I threw up under water while wearing a hockey helmet last night. Awesome.
i kept drunkenly begging people i met to be in my facebook mafia
you drew a penis with ranch dressing. tried to take a picture of it and dropped your phone in it. Then made moaning sounds while you licked it off.
I'm pretty sure it all started going downhill last night when they suggested I see how much sambuca I could fit in my mouth
that's why you don't digest questionable powders from girls wearing tutus at a dirty club
i was like his sober eyes girls would come up to us, show us theirs and if approved by me blew him, if rejected they went to my truck with a bottle of patron
You stuck your entire fist into a full jar of peanut butter and starting assaulting people
I woke up to a 3rd person picture of my own dick sent from a 1-800 number..
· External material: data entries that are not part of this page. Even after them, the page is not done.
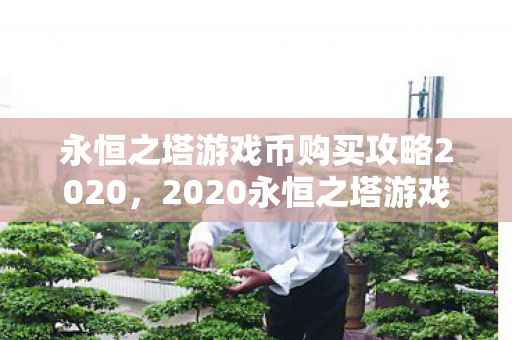 永恒之塔游戏币购买攻略2020图片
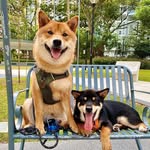 Rudder & Tango the Shibas 🐾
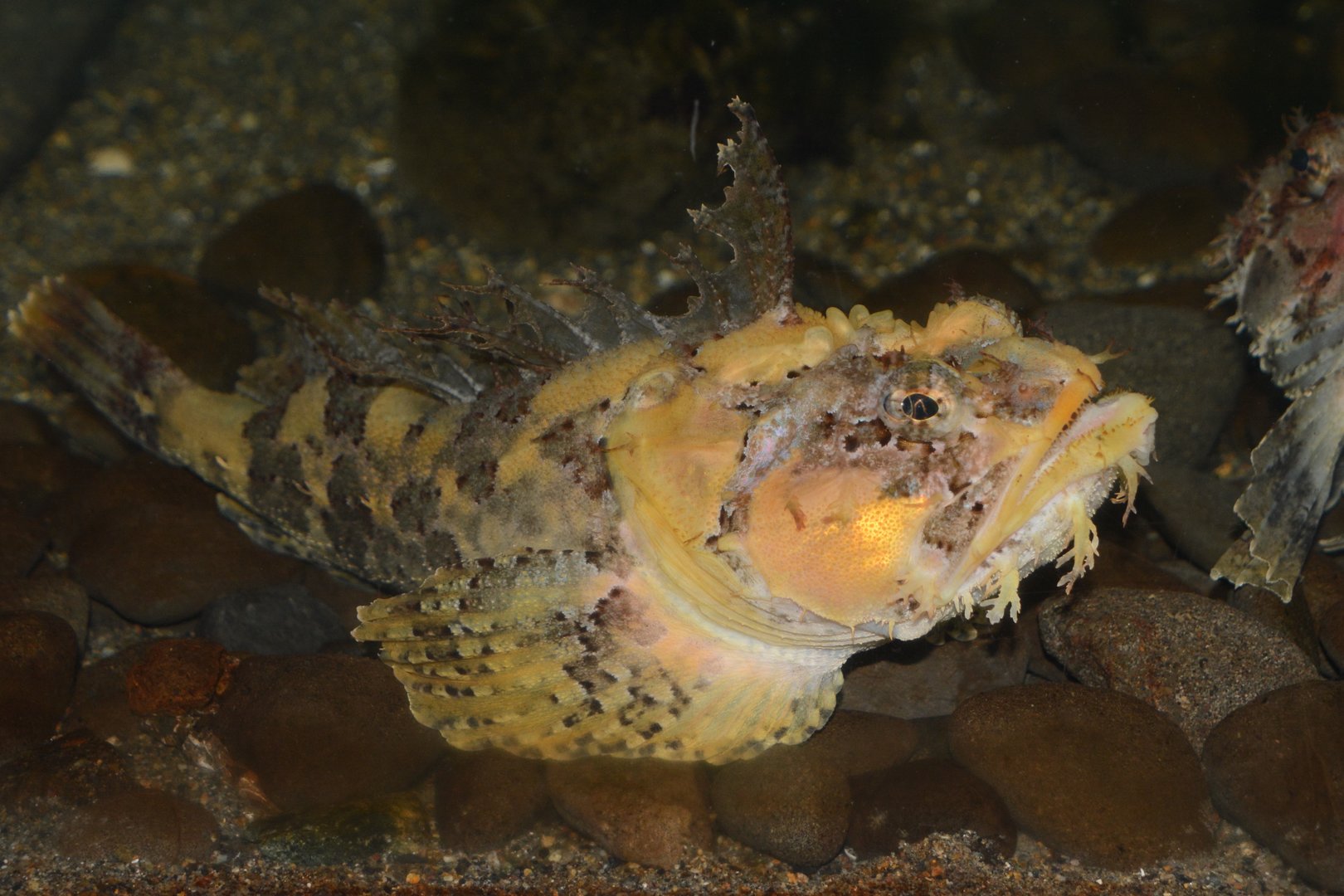 Sea raven (Hemitripterus villosus)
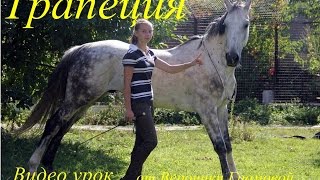 Видео урок - Трапеция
Oh, cold wet seat on the 48! Are you piss? Are you the sweaty ass leavings of an obese person? Are you the spilled King Cobra from the night before? I do not know! I dare not smell to find out... Pants ruined...
We were still up at 6am, taking shots, because thats apparently how he liked to "get the day started".
Someone has big plans this weekend. Just went to throw away the trash and saw packaging for 3 different vibrators on the top of the stack
My sobriety has gotten out of control. I think I need an intervention.
final thoughts: i just want someone into choking me out, weed and anime
I feel like my foot is being amputated. Or maybe it's the vodka. I couldn't tell you.
I wore the clothes I got arrested in last night to work today.....there is no where but up from here!